Pirater le CPL de son voisin, c’est simple comme un coup de jus (SAUF CPL fournis par Free)

Si vous disposez d’une box Internet avec décodeur TV, il y a des chances que vous utilisez des prises courant porteur en ligne pour interconnecter les deux. C’est en effet la solution la plus simple et qui offre la meilleure qualité de débit. Mais saviez vous qu’en faisant cela, vous augmentez considérablement le risque de vous faire pirater votre accès Internet? Voire même de vous faire espionner? C’est en effet ce que vient de démontrer le chercheur en sécurité Sébastien Dudek, à l’occasion de la conférence NoSuchCon, qui s’est déroulée du 19 au 21 novembre au siège du parti communiste. « J’ai récemment emménagé dans une colocation, explique le jeune ingénieur diplômé en 2012. Mais le wifi était de mauvaise qualité, j’ai donc acheté des prises CPL. C’est comme ça que tout a commencé. »

Les compteurs électriques n’isolent pas le trafic

Recherche documentaire sur Internet, analyse de trafic protocolaire, reverse engineering… le hacker décortique méthodiquement ses adaptateurs et, finalement, découvre un moyen pour s’introduire à distance dans un grand nombre de réseaux CPL. Sa méthode repose tout d’abord sur une faille dans le réseau électrique lui même. « Contrairement à ce que l’on pourrait penser, les signaux CPL ne sont pas arrêtés par les compteurs électriques. Seuls les plus récents sont capables de les filtrer. Quand les compteurs sont plus anciens, on arrive à capter les signaux d’appartements voisins, voire même au niveau de tout un immeuble », explique M. Dudek.

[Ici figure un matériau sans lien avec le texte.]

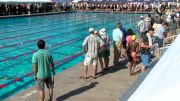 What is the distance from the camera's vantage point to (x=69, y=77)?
32.4 ft

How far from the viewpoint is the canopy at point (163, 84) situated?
163cm

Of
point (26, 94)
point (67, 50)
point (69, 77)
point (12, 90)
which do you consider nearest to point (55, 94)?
point (26, 94)

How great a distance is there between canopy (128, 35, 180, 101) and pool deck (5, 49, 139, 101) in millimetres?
5774

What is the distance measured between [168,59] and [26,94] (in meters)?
6.44

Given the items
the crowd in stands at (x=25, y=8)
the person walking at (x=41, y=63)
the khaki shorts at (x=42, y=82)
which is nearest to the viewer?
the person walking at (x=41, y=63)

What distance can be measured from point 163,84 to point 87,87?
710cm

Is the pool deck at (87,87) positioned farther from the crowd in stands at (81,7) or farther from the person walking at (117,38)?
the crowd in stands at (81,7)

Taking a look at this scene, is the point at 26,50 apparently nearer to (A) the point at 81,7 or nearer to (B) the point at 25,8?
(B) the point at 25,8

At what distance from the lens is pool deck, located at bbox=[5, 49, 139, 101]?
7.87 meters

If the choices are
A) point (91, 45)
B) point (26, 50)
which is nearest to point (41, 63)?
point (91, 45)

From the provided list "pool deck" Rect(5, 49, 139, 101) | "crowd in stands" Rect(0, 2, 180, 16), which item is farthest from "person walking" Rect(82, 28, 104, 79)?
"crowd in stands" Rect(0, 2, 180, 16)

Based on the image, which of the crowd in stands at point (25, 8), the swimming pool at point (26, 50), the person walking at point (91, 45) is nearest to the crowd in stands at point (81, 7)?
the crowd in stands at point (25, 8)

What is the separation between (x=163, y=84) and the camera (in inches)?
68.6

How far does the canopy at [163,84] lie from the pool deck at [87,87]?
5.77 m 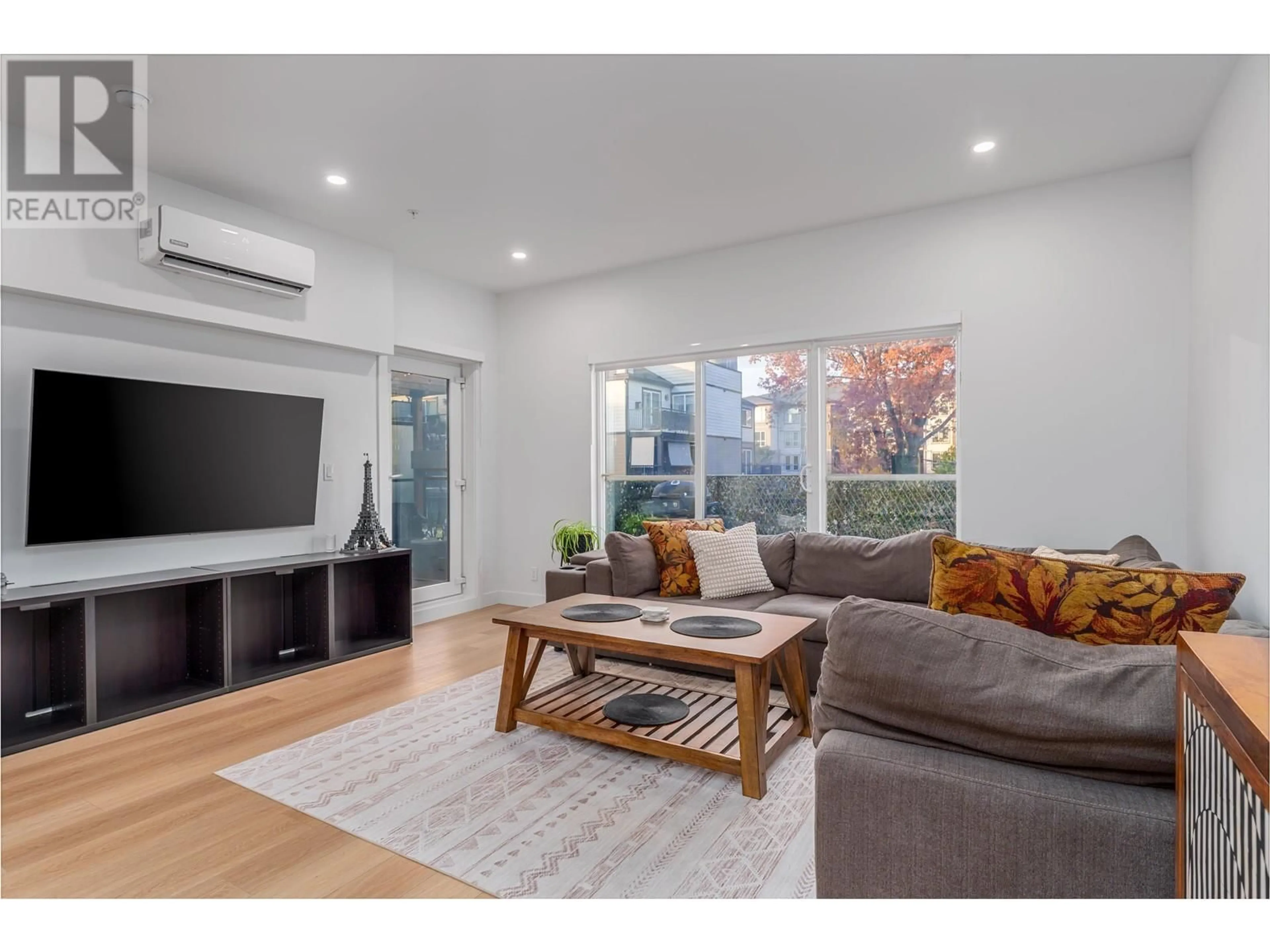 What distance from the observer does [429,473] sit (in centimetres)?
532

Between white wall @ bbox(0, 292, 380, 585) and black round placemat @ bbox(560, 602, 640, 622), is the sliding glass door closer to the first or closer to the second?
white wall @ bbox(0, 292, 380, 585)

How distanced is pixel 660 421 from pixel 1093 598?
3814 mm

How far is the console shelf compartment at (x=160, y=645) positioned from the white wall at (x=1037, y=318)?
3410 millimetres

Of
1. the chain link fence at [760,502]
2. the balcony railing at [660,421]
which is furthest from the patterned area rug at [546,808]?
the balcony railing at [660,421]

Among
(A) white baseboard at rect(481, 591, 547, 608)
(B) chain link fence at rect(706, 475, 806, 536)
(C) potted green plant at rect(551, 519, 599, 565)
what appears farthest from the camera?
(A) white baseboard at rect(481, 591, 547, 608)

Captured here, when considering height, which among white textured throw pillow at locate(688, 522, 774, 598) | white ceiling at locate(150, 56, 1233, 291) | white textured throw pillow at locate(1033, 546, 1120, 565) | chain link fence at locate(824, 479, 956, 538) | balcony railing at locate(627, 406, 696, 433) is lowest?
white textured throw pillow at locate(688, 522, 774, 598)

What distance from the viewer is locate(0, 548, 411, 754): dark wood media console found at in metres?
2.93

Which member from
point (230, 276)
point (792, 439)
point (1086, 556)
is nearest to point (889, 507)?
point (792, 439)

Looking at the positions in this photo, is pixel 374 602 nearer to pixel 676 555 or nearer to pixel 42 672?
pixel 42 672

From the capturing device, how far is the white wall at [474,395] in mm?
5188

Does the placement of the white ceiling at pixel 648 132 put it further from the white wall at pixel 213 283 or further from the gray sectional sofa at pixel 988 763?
the gray sectional sofa at pixel 988 763

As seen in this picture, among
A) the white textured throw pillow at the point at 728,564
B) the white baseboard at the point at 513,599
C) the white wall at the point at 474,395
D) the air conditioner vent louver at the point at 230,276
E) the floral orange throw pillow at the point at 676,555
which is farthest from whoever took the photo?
the white baseboard at the point at 513,599

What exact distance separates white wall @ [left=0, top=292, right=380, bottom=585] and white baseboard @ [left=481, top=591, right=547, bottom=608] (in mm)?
1550

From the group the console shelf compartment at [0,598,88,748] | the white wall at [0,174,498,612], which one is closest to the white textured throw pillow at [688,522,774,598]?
the white wall at [0,174,498,612] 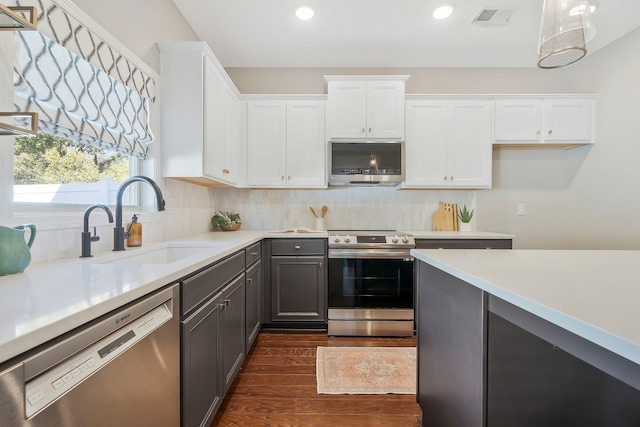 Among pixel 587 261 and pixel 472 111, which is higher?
pixel 472 111

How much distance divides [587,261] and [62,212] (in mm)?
2275

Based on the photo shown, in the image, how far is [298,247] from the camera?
2.64m

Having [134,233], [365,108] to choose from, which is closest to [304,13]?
[365,108]

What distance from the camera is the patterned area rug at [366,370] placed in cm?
182

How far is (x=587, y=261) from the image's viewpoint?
108 centimetres

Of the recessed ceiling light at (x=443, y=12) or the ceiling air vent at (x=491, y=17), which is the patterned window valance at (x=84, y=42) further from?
the ceiling air vent at (x=491, y=17)

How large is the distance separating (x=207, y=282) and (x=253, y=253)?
3.11 feet

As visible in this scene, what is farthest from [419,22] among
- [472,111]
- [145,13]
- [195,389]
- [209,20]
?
[195,389]

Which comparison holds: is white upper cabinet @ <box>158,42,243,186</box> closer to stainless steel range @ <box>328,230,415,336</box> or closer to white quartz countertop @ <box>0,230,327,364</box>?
white quartz countertop @ <box>0,230,327,364</box>

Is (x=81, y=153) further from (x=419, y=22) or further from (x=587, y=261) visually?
(x=419, y=22)

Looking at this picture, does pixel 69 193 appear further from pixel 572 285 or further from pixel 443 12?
pixel 443 12

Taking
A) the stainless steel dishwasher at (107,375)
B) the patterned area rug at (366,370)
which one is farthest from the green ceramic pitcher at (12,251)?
the patterned area rug at (366,370)

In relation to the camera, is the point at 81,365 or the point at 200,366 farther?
the point at 200,366

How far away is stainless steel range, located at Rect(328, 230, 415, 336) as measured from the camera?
2604mm
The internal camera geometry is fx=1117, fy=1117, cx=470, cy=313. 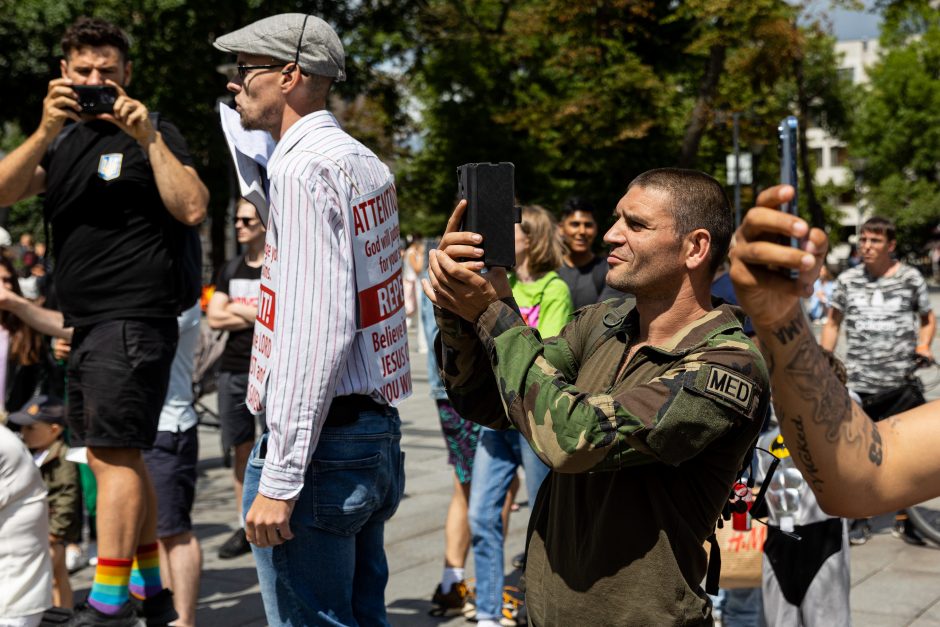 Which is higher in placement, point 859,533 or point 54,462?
point 54,462

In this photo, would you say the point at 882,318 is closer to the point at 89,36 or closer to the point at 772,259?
the point at 89,36

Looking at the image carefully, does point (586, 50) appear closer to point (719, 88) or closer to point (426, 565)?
point (719, 88)

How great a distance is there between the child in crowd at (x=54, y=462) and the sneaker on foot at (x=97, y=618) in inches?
63.9

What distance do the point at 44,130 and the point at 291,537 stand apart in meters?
1.97

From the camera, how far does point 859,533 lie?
7.05m

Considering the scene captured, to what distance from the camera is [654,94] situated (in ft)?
73.4

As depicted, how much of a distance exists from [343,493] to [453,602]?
275 cm

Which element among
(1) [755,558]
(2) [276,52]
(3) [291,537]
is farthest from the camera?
(1) [755,558]

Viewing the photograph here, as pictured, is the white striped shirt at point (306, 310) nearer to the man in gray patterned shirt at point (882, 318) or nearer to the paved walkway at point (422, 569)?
the paved walkway at point (422, 569)

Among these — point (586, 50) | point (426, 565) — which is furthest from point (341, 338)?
point (586, 50)

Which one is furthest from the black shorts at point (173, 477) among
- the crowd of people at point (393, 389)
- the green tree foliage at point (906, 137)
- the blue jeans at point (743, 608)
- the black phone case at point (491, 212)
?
the green tree foliage at point (906, 137)

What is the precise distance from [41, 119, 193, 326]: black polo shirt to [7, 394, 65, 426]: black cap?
205cm

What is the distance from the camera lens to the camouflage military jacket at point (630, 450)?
2.22 meters

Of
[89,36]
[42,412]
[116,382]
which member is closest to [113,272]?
[116,382] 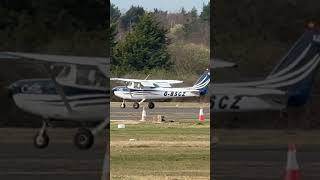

Mais capter les signaux ne suffit pas pour s’introduire dans un flux CPL, car ce dernier est plutôt bien chiffré (AES 128 bits pour les plus récents). Certes, certains utilisateurs négligents oublie d’activer l’appairage de sécurité qui, par une simple pression de bouton, permet de générer une nouvelle clé de chiffrement. Dans ce cas, le mot de passe du réseau est celui défini par défaut. Et souvent, il s’agit de « HomePlug » ou « HomePlugAV ». « L’accès au réseau est alors immédiat. La prise CPL pirate s’associe automatiquement aux autres. Et l’on peut surfer gratuitement sur Internet », explique le chercheur.
Mais comment faire lorsque une nouvelle clé a bien été définie? En menant plus loin ses recherches, M. Dudek découvre que chaque prise CPL dispose d’un mot de passe unique baptisé « Direct Access Key », qui est d’ailleurs affiché sur le boitier (voir image ci-dessous). Et celui-ci, oh surprise, permet de changer le clé de chiffrement entre les prises CPL, à condition d’envoyer la bonne requête à travers le réseau électrique (SetEncryptionKeyRequest). La principale difficulté reste donc à trouver ces fameux DAK (autrement que de s’introduire par effraction dans un appartement, évidemment).

Mais là encore, le chercheur fait une belle découverte. Pour les prises CPL basés sur le chipset Qualcomm Atheros – qui est l’un des plus diffusés – il se trouve que le DAK est… un dérivé de l’adresse MAC de l’adaptateur. Et ce n’est pas tout: l’algorithme de dérivation est librement accessible. Voilà qui est bien pratique, car il existe par ailleurs une requête spéciale dans le standard HomePlug AV (« Sniff ») qui permet de récupérer automatiquement l’adresse MAC d’une prise CPL branchée sur un routeur-modem. Et le tour est joué.
En résumé, n’importe qui dans un immeuble peut se brancher sur l’Internet de son voisin, à condition que celui-ci dispose d’un CPL basé sur Qualcomm Atheros et que les compteurs électriques ne soient pas trop récents. « La faute revient aux fabricants qui utilisent tous le même algorithme de dérivation, car il leur est fourni par Qualcomm. Ils devraient utiliser leur propre algorithme », souligne l’ingénieur. La bonne nouvelle dans cette affaire est pour les Freenautes: ils peuvent dormir tranquille, car les prises CPL fournis par Free reposent sur un autre chipset.